A new study of prehistoric rock art reveals how hunters in the Arabian Peninsula pursued prey with dogs over 8,000 years ago — and even controlled their packs with leashes. The engravings represent the earliest evidence for dogs on the Arabian Peninsula and might even stand as the earliest depictions of canines yet, as Science first reported. Found at two sites a few years ago — at a wadi at Shuwaymis and at the desert oasis of Jubbah — the stylized canines predate previous evidence for dogs in the region by over 2,000 years. As for the carved leashes, those simple lines are the earliest known evidence of leads in prehistory.
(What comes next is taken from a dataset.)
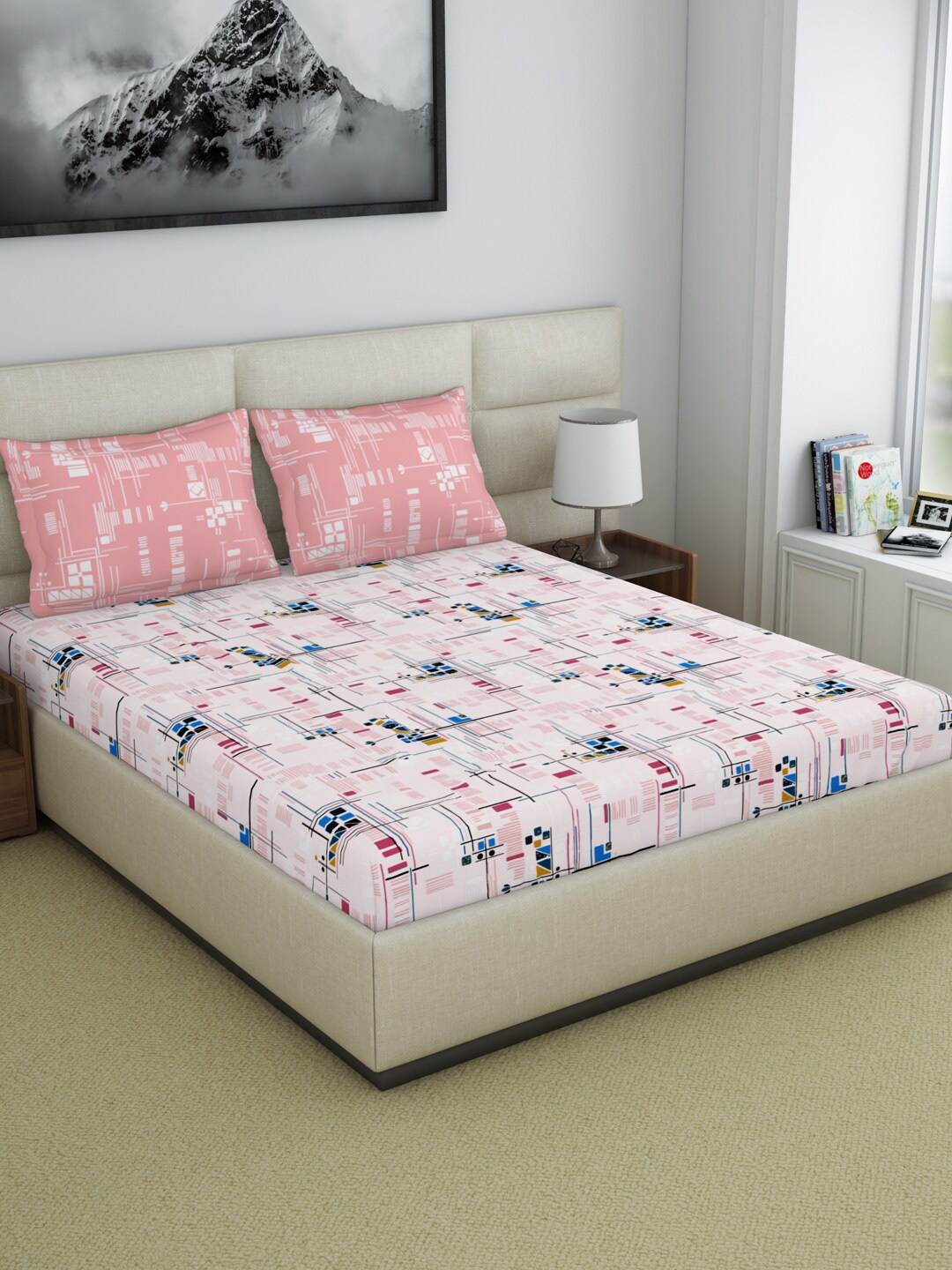 

Welspun Amaya Pink & White 200 TC Queen Bedsheet with 2 Pillow Covers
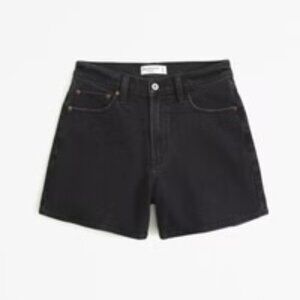 Abercrombie CURVE LOVE High Rise Dad Shorts Size 26 Women’s Black Denim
The analysis, led by Maria Guagnin, an archaeologist at the Max Planck Institute for the Science of Human History in Jena, was published this month in the Journal of Anthropological Archaeology. Researchers counted around 400 dogs in total across both sites, and even note that the good boys share similar features to the modern-day Canaan dog.
“All of the dogs display characteristic pricked ears, short snouts, deeply-angled chests, and a curled tail, appearing to be of the same ‘type,’” the scientists write, noting that although “the depicted dogs are reminiscent of the modern Canaan dog, it remains unclear if they were brought to the Arabian Peninsula from the Levant or represent an independent domestication of dogs from Arabian wolves.”
Notably, some dogs are even carved in a manner that gives them coat markings such as chest colorations and spots. They are also depicted as individual creatures, in various stances and tail positions; the artists even differentiated between male and female canines.
“This may indicate the artists were documenting the general range of variation in local dogs or depicting individual dogs known to them,” the researchers write.
Also telling is the way the leashes are portrayed. The restraints appear on only a number of dogs and tether them to the hunters’s waists, allowing their owners to wield bows and arrows. As the researchers explain, leashed dogs might have served to protect not only their human companion but also valuable dogs trained to track the scent of prey. But they might also represent younger dogs who are less experienced or even older dogs who are more easily injured.
“This suggests not only are some human populations controlling their hunting dogs by the Pre-Neolithic, but that some dogs may perform different hunting tasks than others,” the researchers write. “Some may be used only to track prey scents, while others are used to corral and attack prey, protect human hunters, or help haul meat back to camp.”
This meat came from a wide variety of sources, as the rock art reveals. The panels at Jubbah and Shuwaymis show canines chasing after cattle, oryxes, equids, aurochs, cattle, wild camel, and even a lion. Some scenes even depict the aftermath of a successful hunt, recording dogs that bite the necks and bellies of ibexes and gazelles.
The carvings illuminate how early domestic dogs behaved and how humans worked with them to survive, but they are are also simply beautiful pictures that, I’d argue, convey amity between man and dog. Now, to further clarify this prehistoric relationship as well as more precisely date the rock art, researchers will have to conduct more fieldwork in the region, to try and uncover actual remains of early domestic dogs.